2. Ascertaining the differences between the prior art and the claims at issue.
3. Resolving the level of ordinary skill in the pertinent art.
4. Considering objective evidence present in the application indicating obviousness or nonobviousness.
Claims 1-3, 7, 10-13, 17 and 20 are rejected under 35 U.S.C. 103 as being unpatentable over: Shukla et al., US PG Pub No 2022/0311832A1 hereinafter Shukla (Microsoft) in view of Gu et al., US PG Pub No 2022/0004933A1 hereinafter Gu, in view of Deng et al., “SHARE: Shaping Data Distribution at Edge for Communication-Efficient Hierarchical Federated Learning” hereinafter Deng, and further in view of Oluyemi et al., US PG Pub No 2022/0308929A1 hereinafter Oluyemi (IBM).
With respect to claim 1, Shukla teaches:
A method {Shukla [0025,29] “techniques, such as, for example, but without limitation” describes DLT jobs and AI workloads, see Figs 4 and 6} comprising:
receiving, at a device and via a user interface, definition data for a machine learning workload, wherein the user interface represents the machine learning workload as a set of roles and channels, each role representing a task to be performed by a node in a network and each channel representing a communication channel between roles {Shukla Fig 4:404 “Receive AI Workloads …Training Workload” particularly as Fig 6 “DLT job” defines Deep Learning Training job introduced [0025], so as for [0049-52] “execution of a training workload” is a task representative of a role performed by a node device e.g.

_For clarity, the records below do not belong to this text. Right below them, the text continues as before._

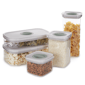 BergHOFF Leo 5pc. Smart Seal Food Container Set - image 10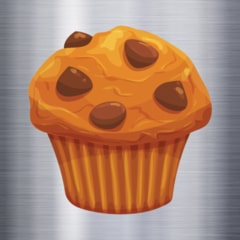 Icon for Originally, Muffins were made from bread dough left over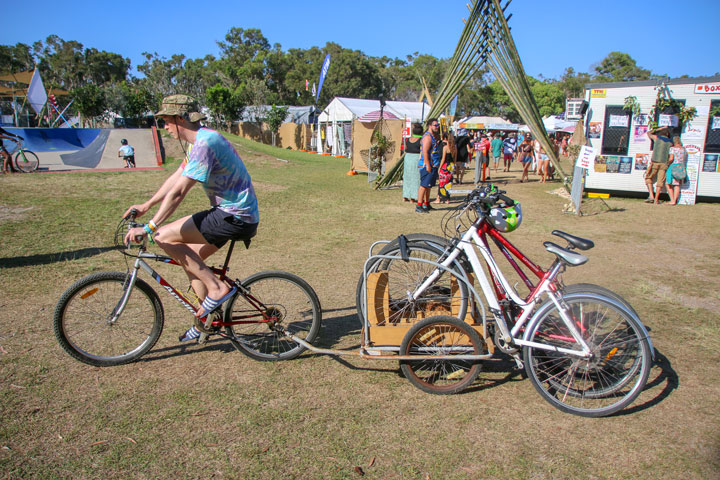 Island Vibe Festival 2019, Stradbroke Island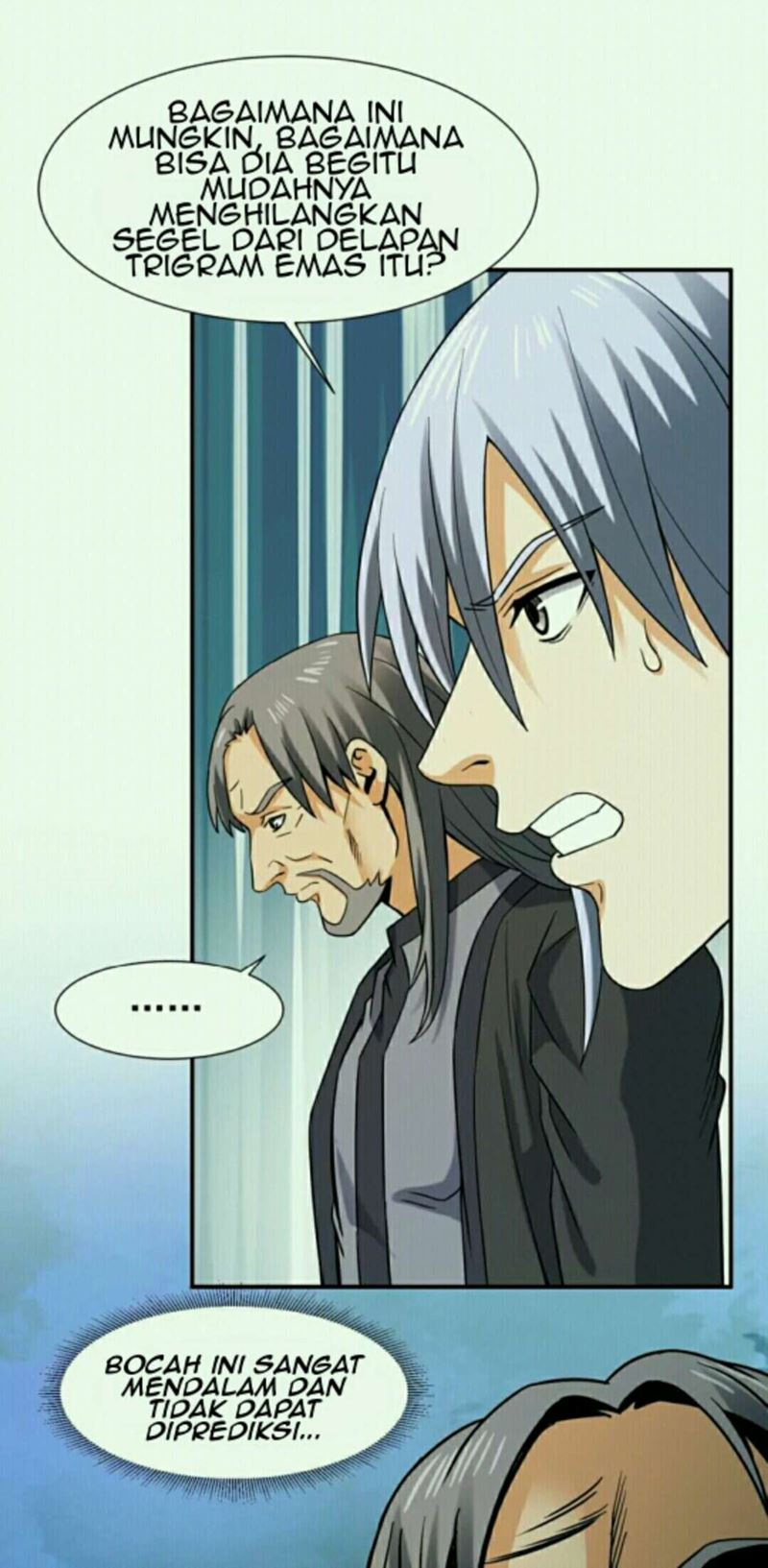 City Immortal Emperor: Dragon King Temple Chapter 41 - halaman 32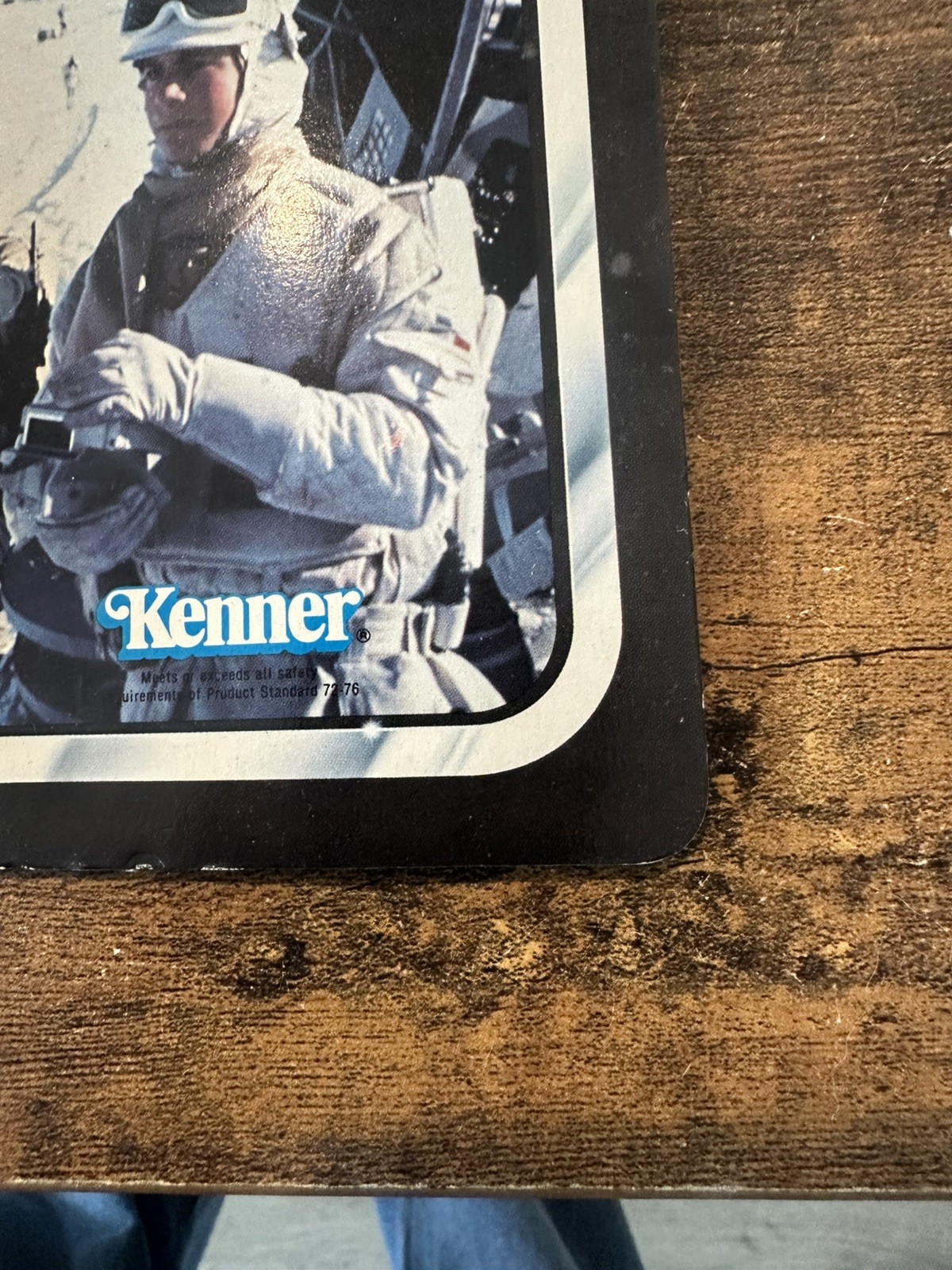 Rebel Soldier (Hoth Battle Gear) sold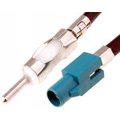 Conector auto, pt radio, Antenna, adaptor, DIN, ZRS-GOLFV-DIN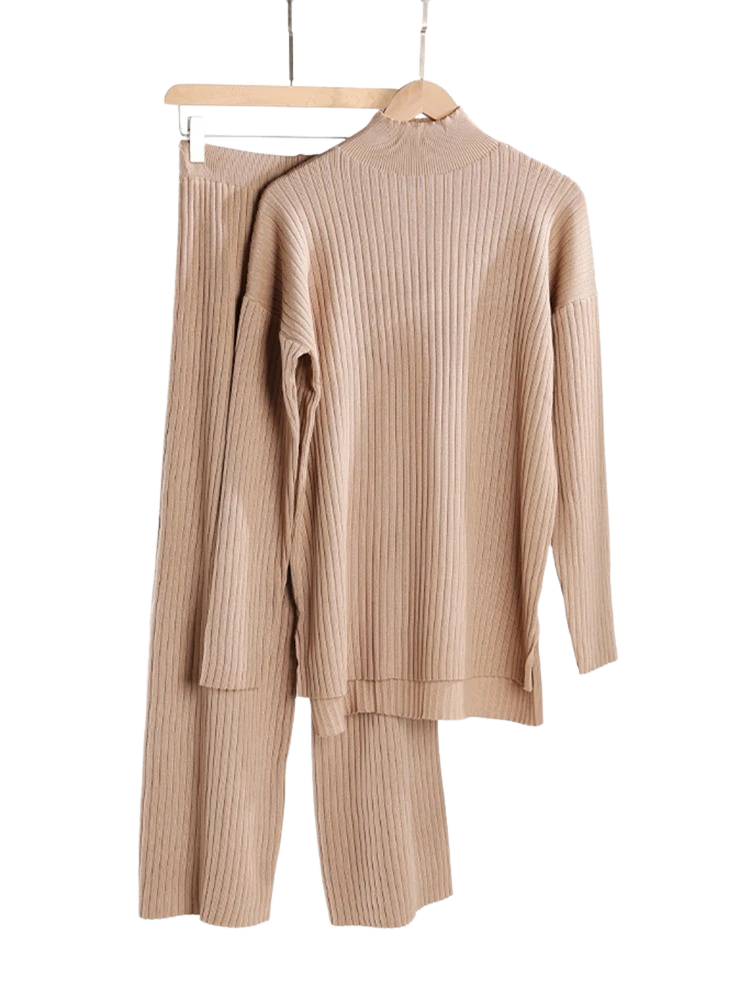 Madani | Turtleneck Set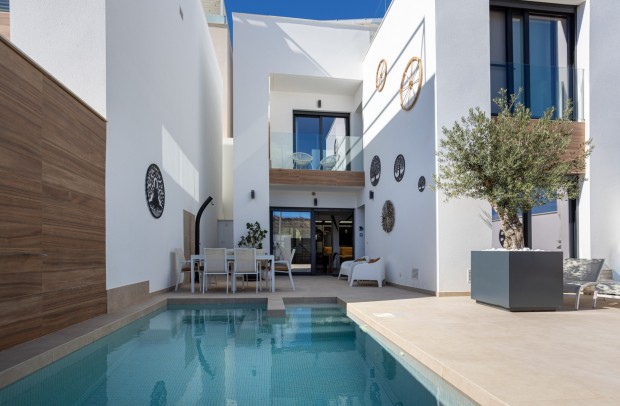 Revente - Semi-Detached - Benijófar - Benijofar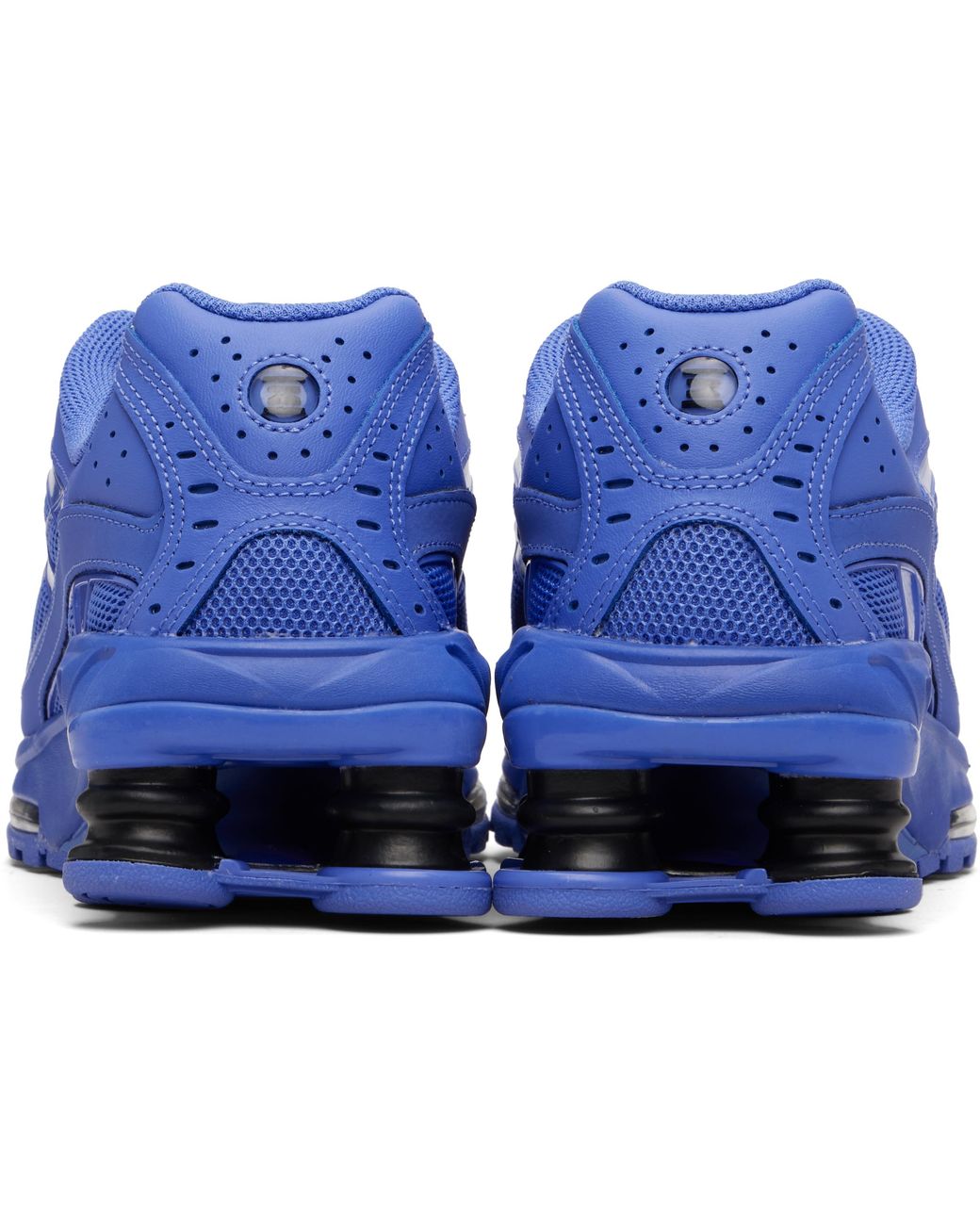 Nike Shox Ride 2 Sneakers in Blue for Men | Lyst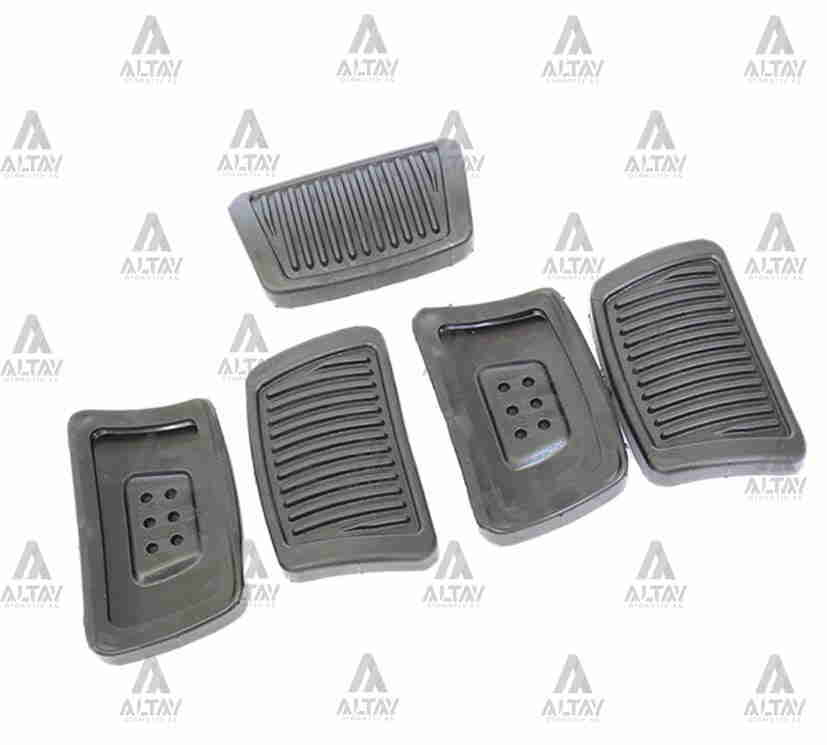 Pedal Lastiği I-30 07-11 Fren 11=> / Ceed=>12 / Cerato 12=> (Yerli) 328251H400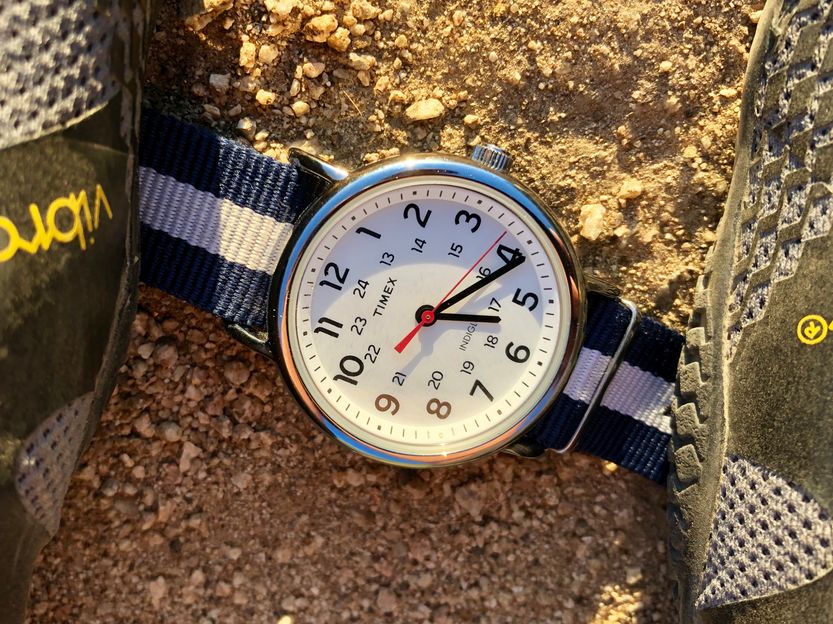 Cheap Thrills Timex Weekender Review Bob's Watches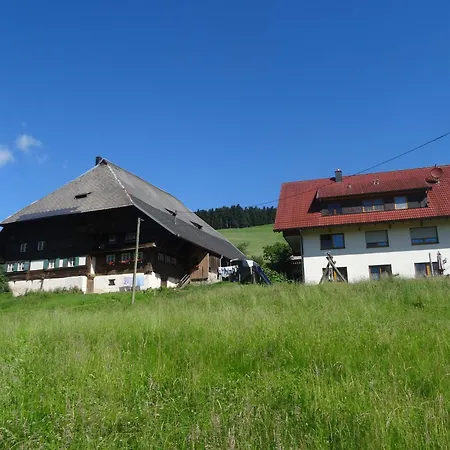 Hinterbauernhof Pferdeglueck *
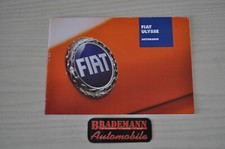 Fiat Ulysse 179 Original
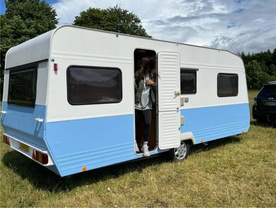 Location camping car dethleffs
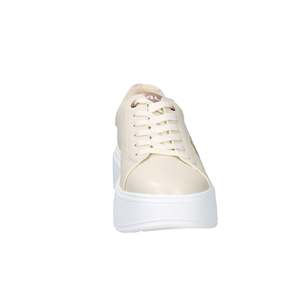 Sneakers da Bambina 4Us Paciotti Beige Stile Platform per Uso Casual - Product Image 6
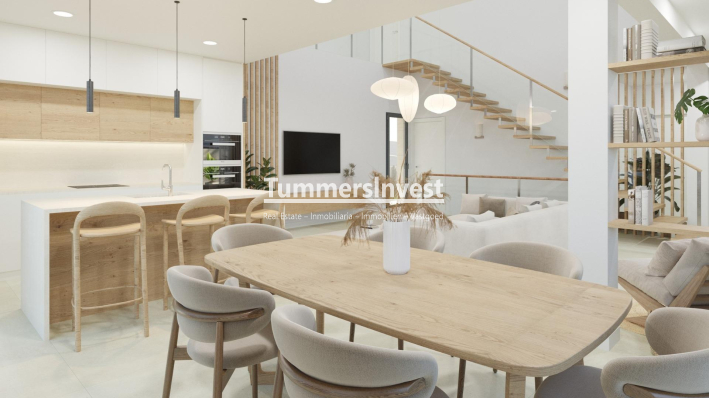 Nieuwbouw Woningen · Villa · Ciudad Quesada
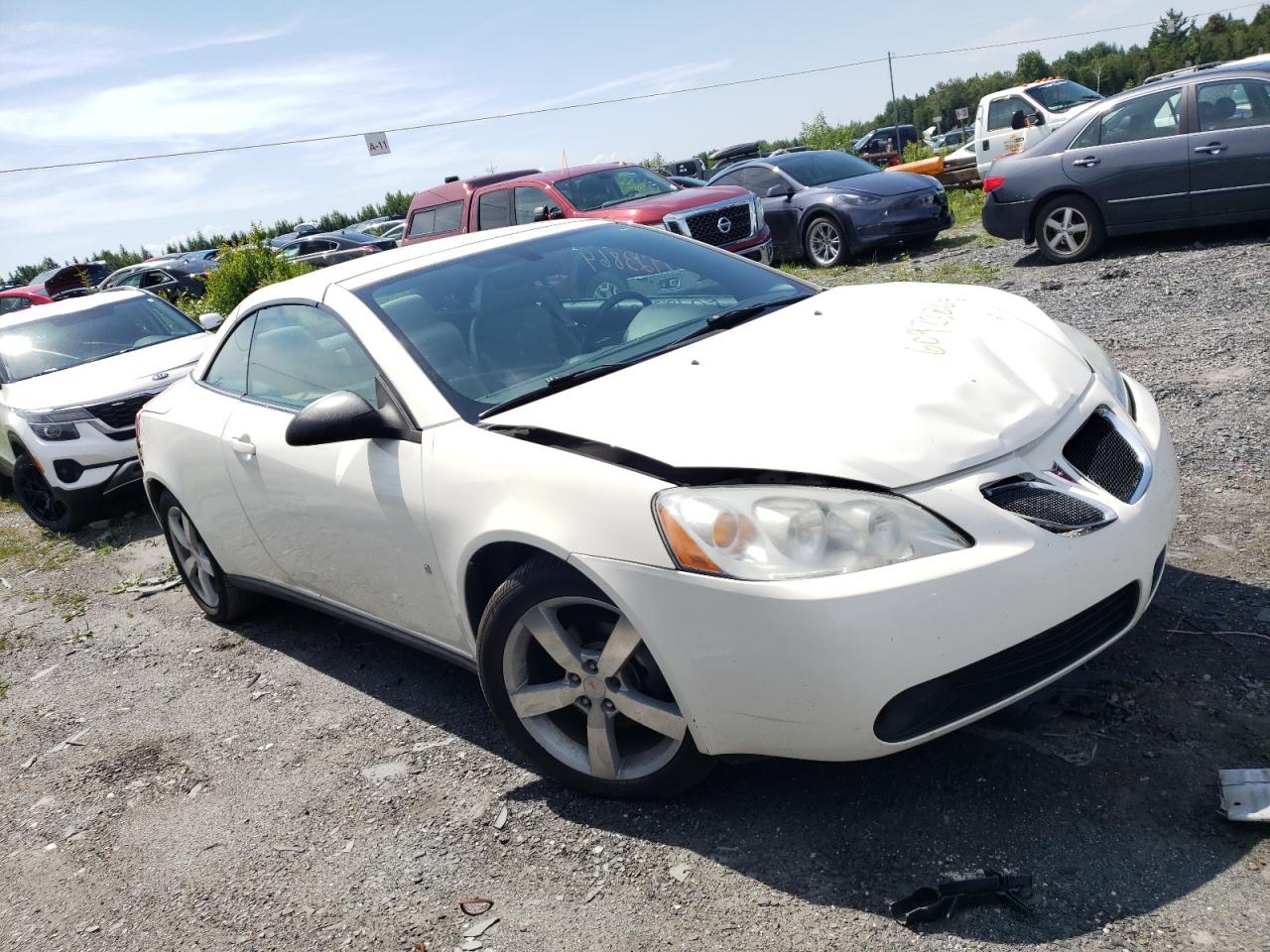 1G2ZH351674241295 2007 Pontiac G6 Gt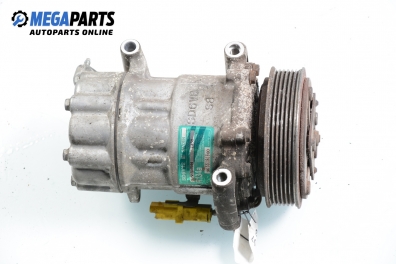 Компресор климатик за Peugeot 1007 Hatchback (04.2005 - 12.2009) 1.4 HDi, 68 к.с., № 9655191680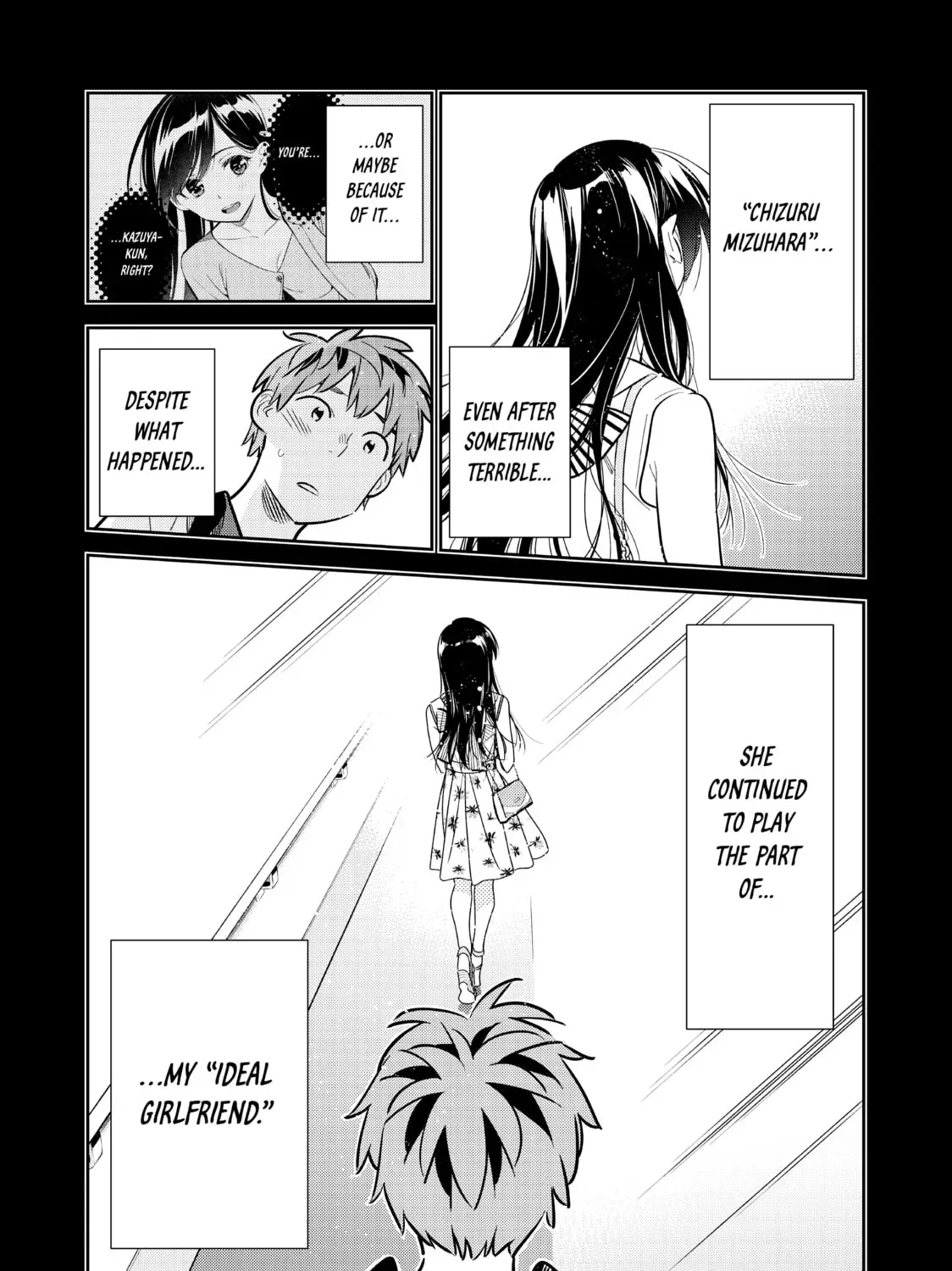 Read Rent-A-Girlfriend chapter 14.4 image 40 on Lezhin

GPU or CPU Figs 6, 7:709. Further “API” [0063, 0129-30] is interface detailing socket protocol with addressing (addr) for network connections representative of communication channels, noting e.g. [0074] “scale across hundreds of datacenters… cross-geographical” hence Title or Fig 5 global/regional AI workloads};
identifying, by the device and based on the definition data, groups of training nodes in the network that store training datasets, to perform training roles for the machine learning workload by training machine learning models on their respective training datasets {Shukla [0050] “identifying a subset of infrastructure resources… e.g., an AI workload that requires the use of four GPUs in parallel may be assigned to a node of the system that has at least four GPUs” e.g. [0024-27] “GPUs in a cluster” describes DLT job processing performed by GPU cluster among “node pools” where “Worker Nodes are where machine learning workloads run” with [0032] “cluster of infrastructure resources within a region” Illustratively, Figs 6, 7:702 show DLT in system for the subset of infrastructure resources Fig 4:406 that perform role of [0052] “execution of a training workload… on an infrastructure resource, such as a GPU” and [0051] “saving a state checkpoint of an AI workload that is currently being executed” similar [0083,81] saving DLT job state is storing, container-based files such as images are described for underlying data of a “training loop” shown Fig 9:906 and TensorFlow/PyTorch (TF/PT) are disclosed [0154] to provide the skilled artisan with tools for custom training datasets, again at [0023,69], [0149]};
Shukla further suggests [0152] “sum is computed across all of the workers/GPUs” (aggregation) with [0077] “control over topology” and uses [0075] “distributed snapshot of all workers in the DLT job” as well as Resource Allocation/Assigning [0058] Fig 4 and content hashing [0125].
However, Shukla does not expressly disclose “index of training datasets” which is met by Gu:
wherein identifying comprises querying an index of training datasets using a type of training data specified in the definition data to locate training nodes that store training datasets of that type {Gu [0118] “sampling… i is the index of the training samples. Each training sample includes the instance (xi)G1 and its corresponding label yi …every worker or computing device has the label yi” distributing the xi instances to workers of a federated learning is disclosed [0046-47] and the labels are distributed to active learners who perform gradient-based training [0061] Fig 1. The data may be partitioned into feature groups or categorical features are disclosed [0085,186]. Worker storage is shown Fig 4B:456};
Gu is directed to distributed training of machine learning models thus being analogous. A person having ordinary skill in the art would have considered it obvious prior to the effective filing date to perform sampling on indexed training data per Gu in combination for a motivation “because the workers pick their own i-th training instances independently. In other words, the different worker are likely training on different instances at the same time” [0148] and/or requesting coordinator of workers in communication to collect certain data for a distributed learning [0100,120].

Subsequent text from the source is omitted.